Private: Do Not Read!
Age 13, USA
I was thirteen. My sister was eighteen. I read her diary.
There were things about her life I wish I never knew. Like the guys she had been with and what she had done with them. I also read that she was hanging out in the city, drinking and doing dangerous things, like meeting strangers. I read how she longed to be loved by her boyfriend and how she felt so dumb in school. I read about her deep insecurities and her lack of self-worth.
I never, ever could have imagined my sister doing the things she wrote about. I never, ever could have imagined her feeling the way she felt about herself.
Her diary held her secrets, secrets I didn’t want to know, secrets she didn’t want me or anyone else to know, and I had no idea how to handle it. Her words confused me. The sister in the diary wasn’t the sister I knew and loved and fought with.
And one day, when I was angry with her, I let something slip about her insecurities. That’s when she knew I had violated her privacy. She was furious.

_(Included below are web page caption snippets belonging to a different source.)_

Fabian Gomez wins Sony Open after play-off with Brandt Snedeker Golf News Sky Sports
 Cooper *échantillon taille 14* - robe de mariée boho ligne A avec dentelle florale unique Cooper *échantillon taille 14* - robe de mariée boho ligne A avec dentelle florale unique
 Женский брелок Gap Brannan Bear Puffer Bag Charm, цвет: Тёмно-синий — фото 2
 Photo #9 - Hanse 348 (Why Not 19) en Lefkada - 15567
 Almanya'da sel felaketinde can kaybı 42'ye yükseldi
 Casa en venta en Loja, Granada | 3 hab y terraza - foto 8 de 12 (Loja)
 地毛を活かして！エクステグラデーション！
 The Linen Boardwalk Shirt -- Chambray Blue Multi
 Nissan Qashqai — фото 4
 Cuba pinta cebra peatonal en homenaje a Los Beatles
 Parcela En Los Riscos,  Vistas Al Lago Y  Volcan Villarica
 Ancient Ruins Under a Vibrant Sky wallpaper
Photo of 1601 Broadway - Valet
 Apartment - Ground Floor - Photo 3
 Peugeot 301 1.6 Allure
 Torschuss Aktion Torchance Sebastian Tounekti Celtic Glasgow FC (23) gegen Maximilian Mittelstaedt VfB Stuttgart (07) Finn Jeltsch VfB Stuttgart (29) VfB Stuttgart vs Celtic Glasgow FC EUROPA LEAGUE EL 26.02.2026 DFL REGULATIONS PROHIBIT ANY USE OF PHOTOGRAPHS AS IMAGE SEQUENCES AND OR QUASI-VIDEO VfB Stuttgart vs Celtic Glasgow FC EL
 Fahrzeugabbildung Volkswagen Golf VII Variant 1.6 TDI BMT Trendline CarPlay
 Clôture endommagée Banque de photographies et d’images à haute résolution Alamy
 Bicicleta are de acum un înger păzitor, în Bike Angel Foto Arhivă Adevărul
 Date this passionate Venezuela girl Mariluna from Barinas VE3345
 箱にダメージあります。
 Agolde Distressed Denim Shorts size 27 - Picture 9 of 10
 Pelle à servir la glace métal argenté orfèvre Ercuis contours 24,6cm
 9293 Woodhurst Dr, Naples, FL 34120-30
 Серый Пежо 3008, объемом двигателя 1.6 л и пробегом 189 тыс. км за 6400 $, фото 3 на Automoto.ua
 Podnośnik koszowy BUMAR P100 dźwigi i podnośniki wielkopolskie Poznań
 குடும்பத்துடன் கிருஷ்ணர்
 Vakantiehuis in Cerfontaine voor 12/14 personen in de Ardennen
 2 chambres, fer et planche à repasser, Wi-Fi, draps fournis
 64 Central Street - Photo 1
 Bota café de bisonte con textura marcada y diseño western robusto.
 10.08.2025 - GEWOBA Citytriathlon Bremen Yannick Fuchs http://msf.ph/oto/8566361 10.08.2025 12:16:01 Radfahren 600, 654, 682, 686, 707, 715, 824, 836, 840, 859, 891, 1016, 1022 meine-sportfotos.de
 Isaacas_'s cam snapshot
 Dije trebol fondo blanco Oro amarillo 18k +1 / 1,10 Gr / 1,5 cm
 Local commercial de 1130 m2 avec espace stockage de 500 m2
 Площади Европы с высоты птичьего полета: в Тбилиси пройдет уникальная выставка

I apologized and eventually she forgave me. But it changed our relationship.
What did you learn?
The experience made me realize that it was a horrible invasion of privacy. I also recognized that if we had changed places, I would have felt violated, too. But worst of all, once you learn things painful, private things about another person, especially someone you love, they’re impossible to forget and pretending you don’t know is painful.